Although the penalty for late planting is important, care should be taken to avoid planting operations when soil is wet. Yields may be reduced somewhat this year due to delayed planting, but effects of soil compaction can reduce yield for several years to come.
If you originally planned to apply nitrogen (N) and herbicides pre-plant, consider alternatives so that planting is not further delayed when favorable planting conditions occur. Although application of anhydrous N is usually recommended prior to April 15 in order to minimize potential injury to emerging corn, anhydrous N may be applied as close as a week before planting (unless hot, dry weather is predicted).
In late planting seasons associated with wet cool soil conditions, growers should consider side-dressing anhydrous N (or UAN liquid solutions) and applying around 30 pounds N per acre broadcast or banded to stimulate early seedling growth. This latter approach will allow greater time for planting.
Similarly, crop requirements for phosphorus (P) and potassium (K) can often be met with starter applications placed in bands 2 inches to the side and 2 inches below the seed. Application of P and K is only necessary with the starter if they are deficient in the soil, and the greatest probability of yield response from P and K starter is in a no-till situation.
Planting into seedbeds that contain emerged weeds will make post-planting weed control critical. Herbicide-resistant corn, including Roundup Ready and Liberty Link hybrids, may offer definite advantages in these situations. Effective burndown applications will help minimize the potential for major weed problems developing later in the season.
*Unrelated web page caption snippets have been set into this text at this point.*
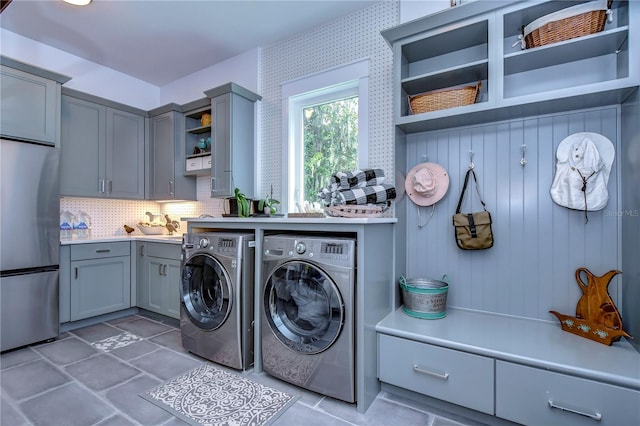 clothes washing area featuring cabinets and washing machine and clothes dryer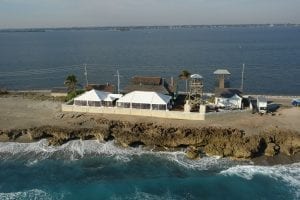 Wedding at the House of Refuge featuring 30' wide frame tents with clear sides.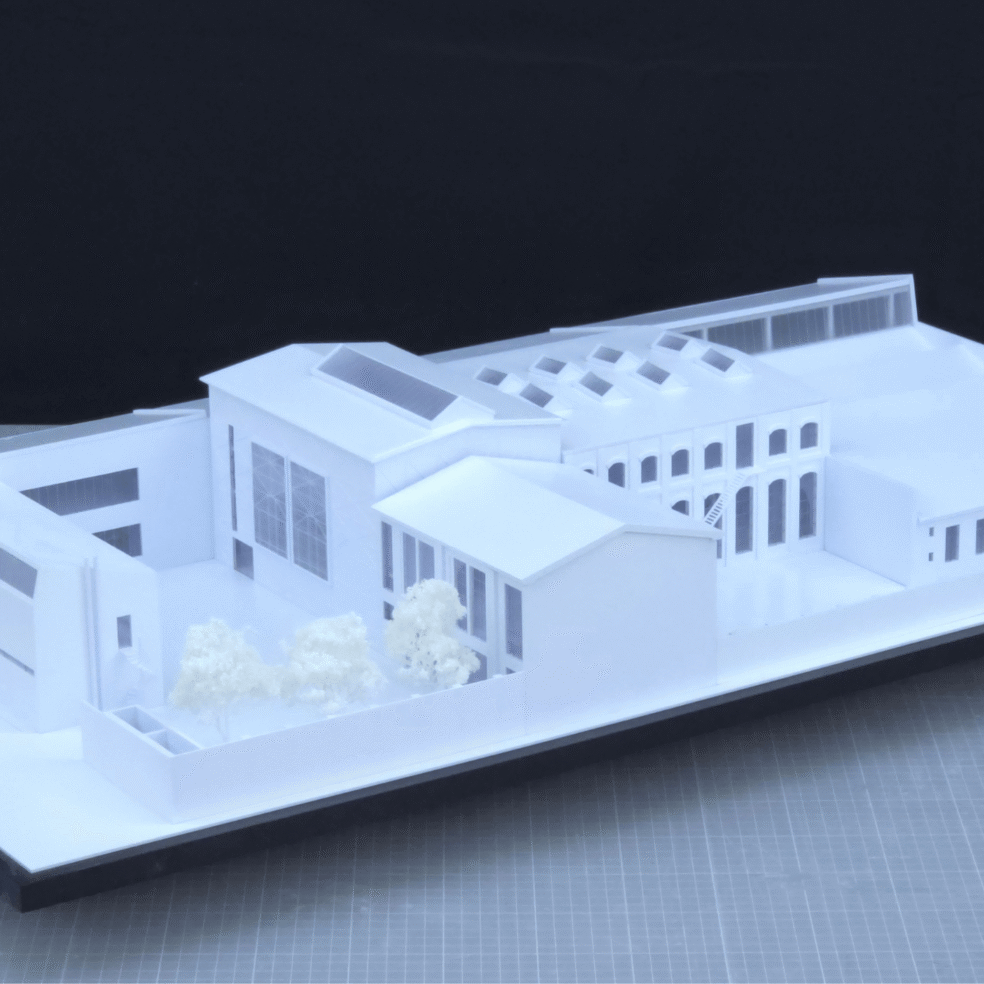 Schrägansicht des Altbaumodells für Atelier Röhm mit Hofseite, Hallengebäude und differenzierter Dachlandschaft.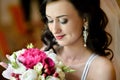 Beauty bride in bridal gown with bouquet and lace veil indoors Royalty Free Stock Photo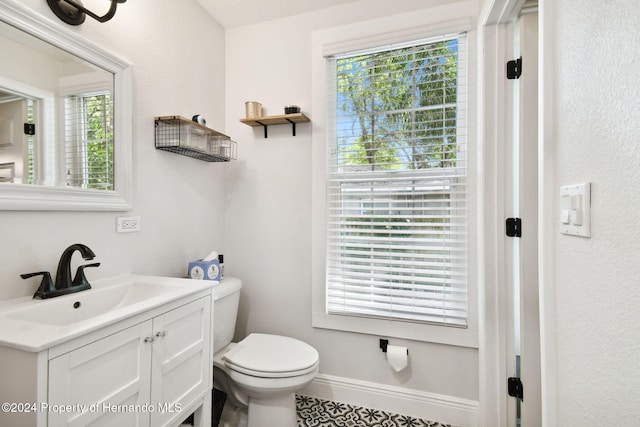 bathroom featuring vanity, toilet, and a wealth of natural light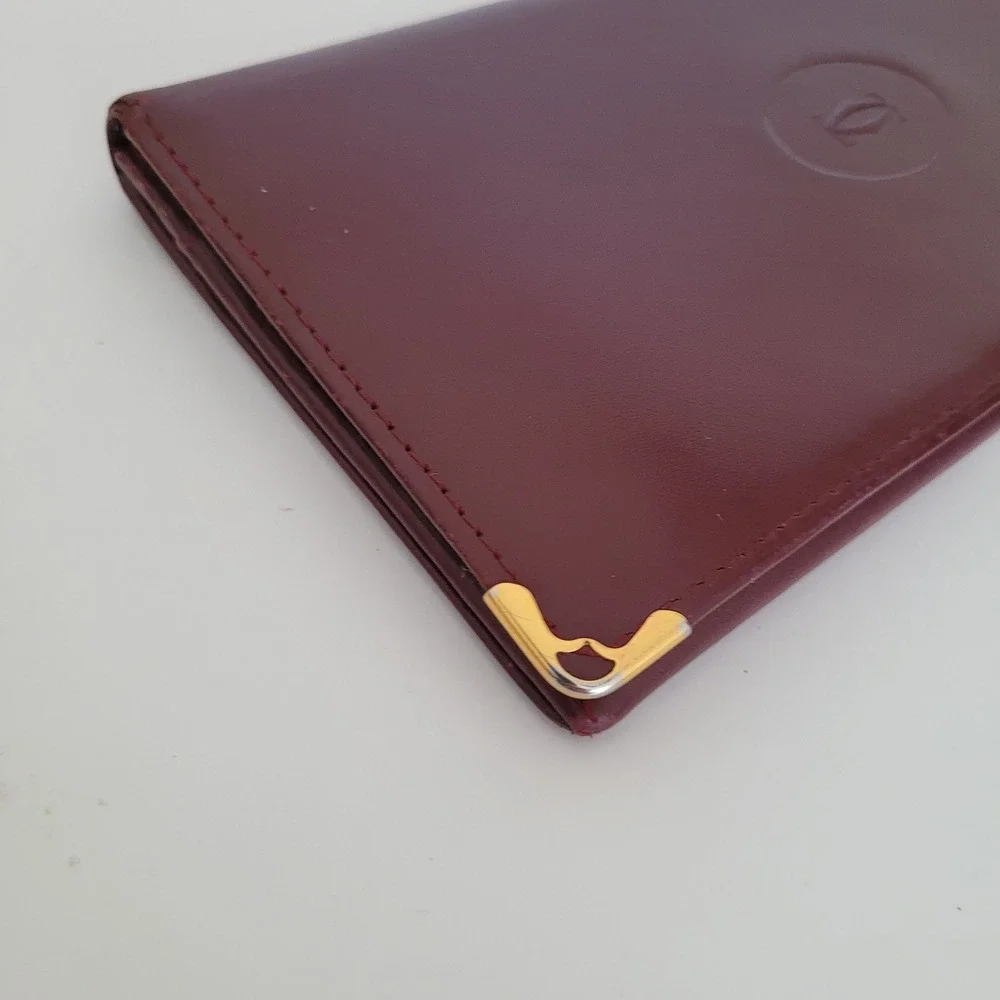 Cartier Must de Cartier Burgundy Leather Long Bifold Wallet Gold Corners Italy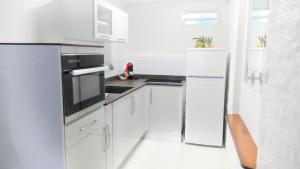 a white kitchen with white cabinets and appliances at Ocean BAYALOCATION in LʼAnse Mitan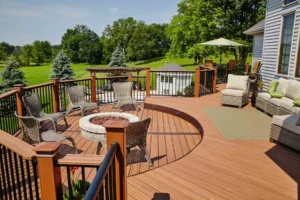 Elevated custom wood deck featuring a built-in fire pit and seating area in a Greater Cincinnati backyard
Don't worry about switching hybrid maturities unless planting is delayed to late May. If planting is possible before May 20-25, plant full season hybrids first to allow them to exploit the growing season more fully. Research in Ohio and other Corn Belt states generally indicates that earlier maturity hybrids lose less yield potential with late plantings than the later maturing, full-season hybrids.
With no-till or reduced tillage, increase seeding rates 5-10% over those used with conventional tillage. Consult seed company recommendations for specific hybrid planting rates under reduced tillage. Lower yields in no-till can sometimes be related to sub- optimal plant populations at harvest.